A case of acute necrotising encephalitis secondary to human herpesvirus 6 infection.
Summary
Online ahead of print. Review Article A case of acute necrotising encephalitis secondary to human herpesvirus 6 infection. Shinaman G(1), Lewandowski E(2), Wozniak G(3), Guo J(3), Thompson-Stone R(4), Owlett L(4), Ma H(3). Author information: (1)Department of Physical Medicine and Rehabilitation, University of Rochester Medical Center, Rochester, NY, USA. Electronic address: gregoryshinaman@urmc.rochester.edu. (2)Lake Erie College of Osteopathic Medicine, Bradenton, FL, USA. (3)Department of
Content
# Online ahead of print.
*Review Article*
A case of acute necrotising encephalitis secondary to human herpesvirus 6
infection.
Shinaman G(1), Lewandowski E(2), Wozniak G(3), Guo J(3), Thompson-Stone R(4),
Owlett L(4), Ma H(3).
Author information:
(1)Department of Physical Medicine and Rehabilitation, University of Rochester
Medical Center, Rochester, NY, USA. Electronic address:
gregory_shinaman@urmc.rochester.edu.
(2)Lake Erie College of Osteopathic Medicine, Bradenton, FL, USA.

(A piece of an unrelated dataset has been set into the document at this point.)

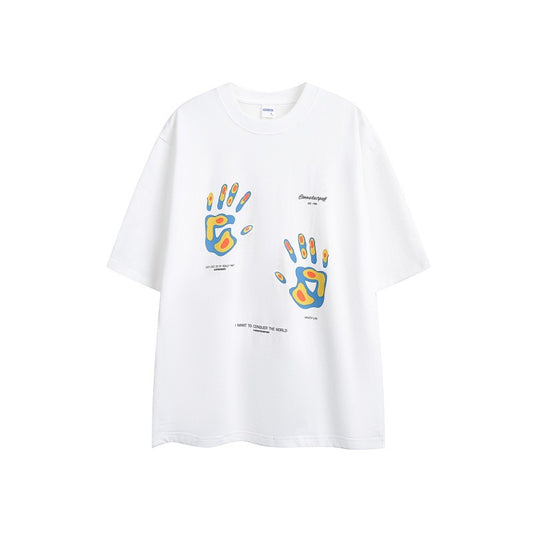 MilkMan Handprint Gradient Tee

(3)Department of Physical Medicine and Rehabilitation, University of Rochester
Medical Center, Rochester, NY, USA.
(4)Department of Neurology, University of Rochester Medical Center, Rochester,
NY, USA.
In this Clinical Rounds, we present the case of a girl aged 11 months who
developed acute necrotising encephalitis in the setting of human herpesvirus 6
infection, complicated by elevated intracranial pressure, seizures, and
development of increased tone. This patient presented with common features of
acute necrotising encephalitis including fever, seizures, altered level of
consciousness, and focal neurological deficits. We discuss the investigations
for acute necrotising encephalitis, which is extensive and includes serology,
often showing thrombocytopenia and liver dysfunction. Cerebrospinal fluid
studies can show elevated protein without pleocytosis of white blood cells.

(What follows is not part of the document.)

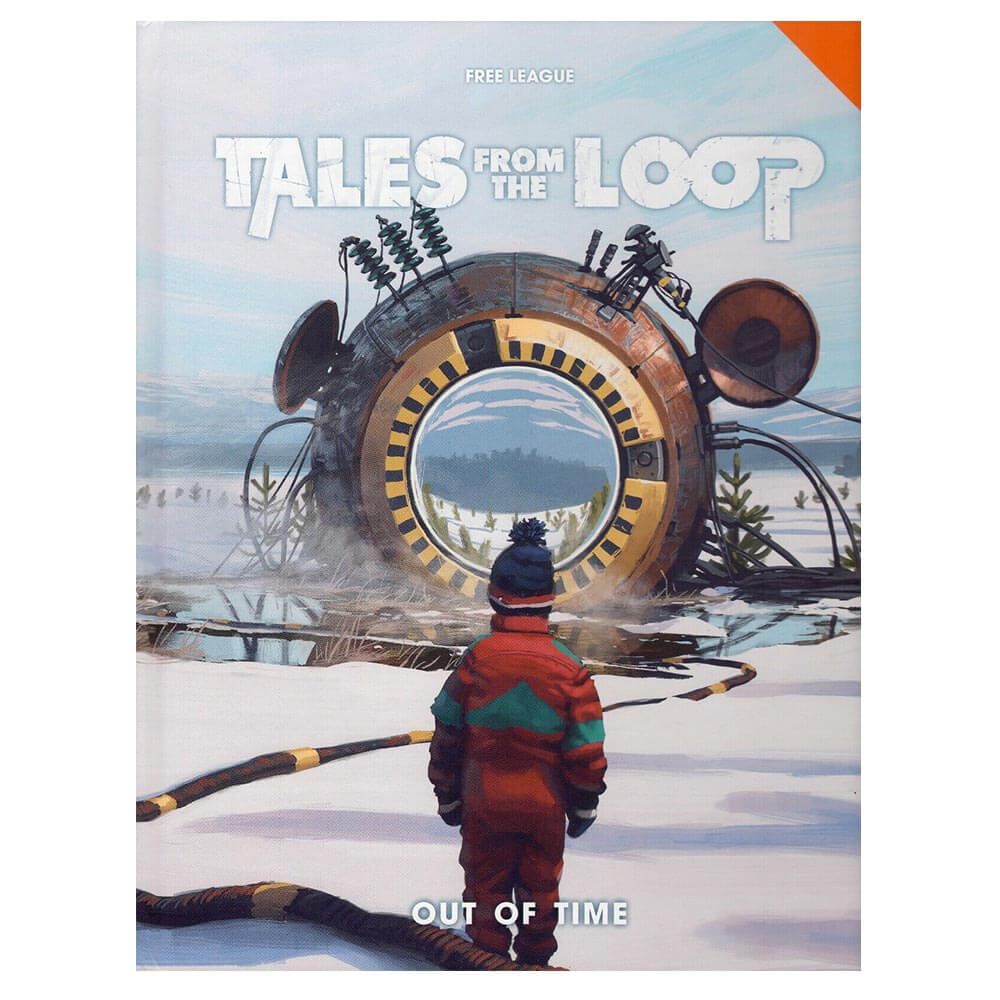 Tales from the Loop Role Playing Game Out of Time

Imaging can show signal intensity changes on T2-weighted images in the bilateral
thalami, basal ganglia, subcortical white matter, cerebellum, and brainstem, in
addition to restricted diffusion. In this Clinical Rounds, we also highlight the
importance of rapid treatment, which includes immunosuppression with
corticosteroids, intravenous immunoglobulin, and plasma exchange. Finally, we
discuss the poor outcomes and prognosis for patients diagnosed with acute
necrotising encephalitis, with a 27% mortality rate and moderate to severe
disability in 63% of survivors.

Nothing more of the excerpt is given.